-------- RECORDS FOR THIS EXERCISE

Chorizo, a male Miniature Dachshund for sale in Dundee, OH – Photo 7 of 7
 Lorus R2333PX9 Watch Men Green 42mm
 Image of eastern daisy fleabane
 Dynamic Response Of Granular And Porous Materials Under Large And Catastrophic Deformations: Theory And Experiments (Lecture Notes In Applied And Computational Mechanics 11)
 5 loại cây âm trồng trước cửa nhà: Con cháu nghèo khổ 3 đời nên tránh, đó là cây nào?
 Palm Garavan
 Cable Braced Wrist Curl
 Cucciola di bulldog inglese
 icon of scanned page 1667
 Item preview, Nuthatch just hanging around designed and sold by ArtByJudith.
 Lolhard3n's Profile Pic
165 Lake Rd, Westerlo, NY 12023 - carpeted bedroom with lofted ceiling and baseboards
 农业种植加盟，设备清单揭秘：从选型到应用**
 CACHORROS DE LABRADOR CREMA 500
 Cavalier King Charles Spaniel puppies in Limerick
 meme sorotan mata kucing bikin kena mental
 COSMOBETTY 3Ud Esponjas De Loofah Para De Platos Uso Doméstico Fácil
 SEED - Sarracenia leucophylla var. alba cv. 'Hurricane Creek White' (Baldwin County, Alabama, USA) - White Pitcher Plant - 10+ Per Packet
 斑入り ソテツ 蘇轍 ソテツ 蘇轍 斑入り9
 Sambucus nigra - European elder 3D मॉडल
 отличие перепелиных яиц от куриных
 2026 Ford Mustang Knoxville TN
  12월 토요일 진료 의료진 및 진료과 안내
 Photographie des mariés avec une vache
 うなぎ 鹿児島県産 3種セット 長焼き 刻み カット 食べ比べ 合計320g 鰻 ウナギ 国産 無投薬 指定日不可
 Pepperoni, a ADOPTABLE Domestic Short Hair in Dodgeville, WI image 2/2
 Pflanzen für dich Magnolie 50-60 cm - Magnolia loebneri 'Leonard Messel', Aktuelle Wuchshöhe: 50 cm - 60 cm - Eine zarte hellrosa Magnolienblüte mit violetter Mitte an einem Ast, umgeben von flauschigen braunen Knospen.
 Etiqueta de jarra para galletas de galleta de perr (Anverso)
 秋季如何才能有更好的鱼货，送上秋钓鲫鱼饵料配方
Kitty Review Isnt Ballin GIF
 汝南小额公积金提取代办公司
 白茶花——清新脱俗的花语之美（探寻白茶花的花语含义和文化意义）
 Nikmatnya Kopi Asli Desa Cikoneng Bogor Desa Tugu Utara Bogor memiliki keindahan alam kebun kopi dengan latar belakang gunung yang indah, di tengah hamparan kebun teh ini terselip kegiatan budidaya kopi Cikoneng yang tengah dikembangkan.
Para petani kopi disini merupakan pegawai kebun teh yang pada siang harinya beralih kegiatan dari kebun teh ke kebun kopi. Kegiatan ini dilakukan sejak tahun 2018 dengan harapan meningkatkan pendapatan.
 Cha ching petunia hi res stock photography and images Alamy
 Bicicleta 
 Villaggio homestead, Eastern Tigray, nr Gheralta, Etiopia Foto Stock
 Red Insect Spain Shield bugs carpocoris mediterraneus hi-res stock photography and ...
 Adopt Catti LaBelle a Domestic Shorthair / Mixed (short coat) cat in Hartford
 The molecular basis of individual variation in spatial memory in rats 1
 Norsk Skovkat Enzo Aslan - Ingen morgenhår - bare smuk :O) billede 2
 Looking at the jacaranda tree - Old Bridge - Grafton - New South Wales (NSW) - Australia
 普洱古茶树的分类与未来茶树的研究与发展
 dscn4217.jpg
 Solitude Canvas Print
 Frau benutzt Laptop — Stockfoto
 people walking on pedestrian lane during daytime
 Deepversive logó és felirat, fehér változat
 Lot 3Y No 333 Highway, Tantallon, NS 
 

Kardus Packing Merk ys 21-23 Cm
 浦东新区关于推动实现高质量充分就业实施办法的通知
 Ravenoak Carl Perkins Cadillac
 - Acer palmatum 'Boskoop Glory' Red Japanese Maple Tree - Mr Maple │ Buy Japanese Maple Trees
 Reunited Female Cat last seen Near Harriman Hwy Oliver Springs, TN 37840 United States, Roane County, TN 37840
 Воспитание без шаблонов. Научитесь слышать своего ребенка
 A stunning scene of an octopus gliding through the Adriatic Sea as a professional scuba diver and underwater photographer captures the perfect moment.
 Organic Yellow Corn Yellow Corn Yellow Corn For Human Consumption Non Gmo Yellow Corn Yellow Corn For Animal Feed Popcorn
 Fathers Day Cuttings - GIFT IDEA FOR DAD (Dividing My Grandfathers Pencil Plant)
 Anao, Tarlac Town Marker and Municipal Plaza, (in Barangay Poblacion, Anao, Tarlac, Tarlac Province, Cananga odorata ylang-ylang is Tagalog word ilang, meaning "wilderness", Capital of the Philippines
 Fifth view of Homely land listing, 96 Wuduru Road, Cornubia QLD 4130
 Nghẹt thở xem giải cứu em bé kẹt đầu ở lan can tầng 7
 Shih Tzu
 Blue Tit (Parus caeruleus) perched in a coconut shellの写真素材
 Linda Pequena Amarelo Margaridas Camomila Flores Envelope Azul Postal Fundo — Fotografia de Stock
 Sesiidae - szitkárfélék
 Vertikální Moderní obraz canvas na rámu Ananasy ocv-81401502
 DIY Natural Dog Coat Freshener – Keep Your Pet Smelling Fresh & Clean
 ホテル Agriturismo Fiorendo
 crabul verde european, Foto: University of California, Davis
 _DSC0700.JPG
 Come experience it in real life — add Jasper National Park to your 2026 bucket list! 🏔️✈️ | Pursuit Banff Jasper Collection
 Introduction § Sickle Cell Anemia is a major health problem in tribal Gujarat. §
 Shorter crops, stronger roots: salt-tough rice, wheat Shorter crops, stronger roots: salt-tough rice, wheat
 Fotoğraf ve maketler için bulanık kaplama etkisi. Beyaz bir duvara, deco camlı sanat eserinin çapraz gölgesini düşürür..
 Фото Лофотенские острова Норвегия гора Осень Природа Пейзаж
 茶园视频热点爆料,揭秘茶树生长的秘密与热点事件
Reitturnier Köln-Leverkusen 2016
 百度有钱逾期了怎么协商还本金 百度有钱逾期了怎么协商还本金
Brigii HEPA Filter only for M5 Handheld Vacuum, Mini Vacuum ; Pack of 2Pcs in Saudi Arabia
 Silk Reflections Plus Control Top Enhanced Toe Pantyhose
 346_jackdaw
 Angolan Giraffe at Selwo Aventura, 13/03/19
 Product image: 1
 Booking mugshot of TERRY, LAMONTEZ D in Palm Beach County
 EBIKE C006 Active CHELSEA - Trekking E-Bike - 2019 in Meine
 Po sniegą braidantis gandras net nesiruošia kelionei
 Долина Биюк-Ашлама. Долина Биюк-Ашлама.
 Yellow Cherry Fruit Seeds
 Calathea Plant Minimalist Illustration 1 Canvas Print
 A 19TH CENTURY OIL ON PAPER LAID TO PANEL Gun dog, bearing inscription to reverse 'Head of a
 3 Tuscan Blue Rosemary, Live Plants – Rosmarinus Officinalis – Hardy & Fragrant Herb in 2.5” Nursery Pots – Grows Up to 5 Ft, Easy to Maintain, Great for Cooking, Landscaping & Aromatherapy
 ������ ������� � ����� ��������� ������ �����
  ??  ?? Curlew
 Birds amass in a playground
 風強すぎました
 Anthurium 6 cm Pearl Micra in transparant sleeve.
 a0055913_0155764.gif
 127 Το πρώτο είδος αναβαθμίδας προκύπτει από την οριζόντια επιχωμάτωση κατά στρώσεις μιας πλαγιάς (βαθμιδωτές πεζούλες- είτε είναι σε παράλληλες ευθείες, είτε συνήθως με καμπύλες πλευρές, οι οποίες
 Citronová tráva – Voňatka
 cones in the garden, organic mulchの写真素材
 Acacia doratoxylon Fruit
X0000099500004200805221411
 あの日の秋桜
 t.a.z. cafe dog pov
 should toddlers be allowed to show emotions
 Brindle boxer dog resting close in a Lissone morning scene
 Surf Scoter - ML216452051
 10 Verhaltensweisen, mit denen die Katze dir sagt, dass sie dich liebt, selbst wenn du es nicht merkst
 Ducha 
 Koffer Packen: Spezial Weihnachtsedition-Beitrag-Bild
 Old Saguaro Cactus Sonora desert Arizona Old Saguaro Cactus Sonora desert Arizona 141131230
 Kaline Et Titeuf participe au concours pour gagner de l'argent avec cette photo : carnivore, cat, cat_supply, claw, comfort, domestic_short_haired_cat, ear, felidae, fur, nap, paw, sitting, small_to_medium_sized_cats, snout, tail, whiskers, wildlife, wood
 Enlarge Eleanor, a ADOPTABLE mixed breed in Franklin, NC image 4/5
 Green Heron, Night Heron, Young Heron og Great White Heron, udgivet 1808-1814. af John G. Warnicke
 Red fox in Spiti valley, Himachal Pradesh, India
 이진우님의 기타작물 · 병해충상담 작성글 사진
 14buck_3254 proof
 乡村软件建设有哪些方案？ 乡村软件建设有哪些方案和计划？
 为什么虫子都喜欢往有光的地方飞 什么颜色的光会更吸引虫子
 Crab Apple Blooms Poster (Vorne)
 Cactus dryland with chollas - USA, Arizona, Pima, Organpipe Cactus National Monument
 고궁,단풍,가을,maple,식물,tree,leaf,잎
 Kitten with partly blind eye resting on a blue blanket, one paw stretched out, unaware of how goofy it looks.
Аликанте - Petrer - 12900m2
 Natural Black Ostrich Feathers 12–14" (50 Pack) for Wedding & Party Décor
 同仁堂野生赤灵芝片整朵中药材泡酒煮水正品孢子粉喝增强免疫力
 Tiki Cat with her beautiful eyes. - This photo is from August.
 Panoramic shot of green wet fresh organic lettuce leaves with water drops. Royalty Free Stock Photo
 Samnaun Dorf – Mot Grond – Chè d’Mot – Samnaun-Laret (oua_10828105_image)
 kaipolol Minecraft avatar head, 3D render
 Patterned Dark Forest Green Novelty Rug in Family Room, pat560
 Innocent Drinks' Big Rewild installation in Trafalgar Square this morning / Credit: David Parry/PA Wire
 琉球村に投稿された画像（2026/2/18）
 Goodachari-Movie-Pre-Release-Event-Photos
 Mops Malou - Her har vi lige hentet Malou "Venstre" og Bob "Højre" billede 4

----------------

HOW TO COMPLETE THIS TASK: Only lines that contain the string "ADOPTABLE" count; pick each one out of the records and copy it.

SOLUTION FOR THIS TASK:
 Pepperoni, a ADOPTABLE Domestic Short Hair in Dodgeville, WI image 2/2
 Enlarge Eleanor, a ADOPTABLE mixed breed in Franklin, NC image 4/5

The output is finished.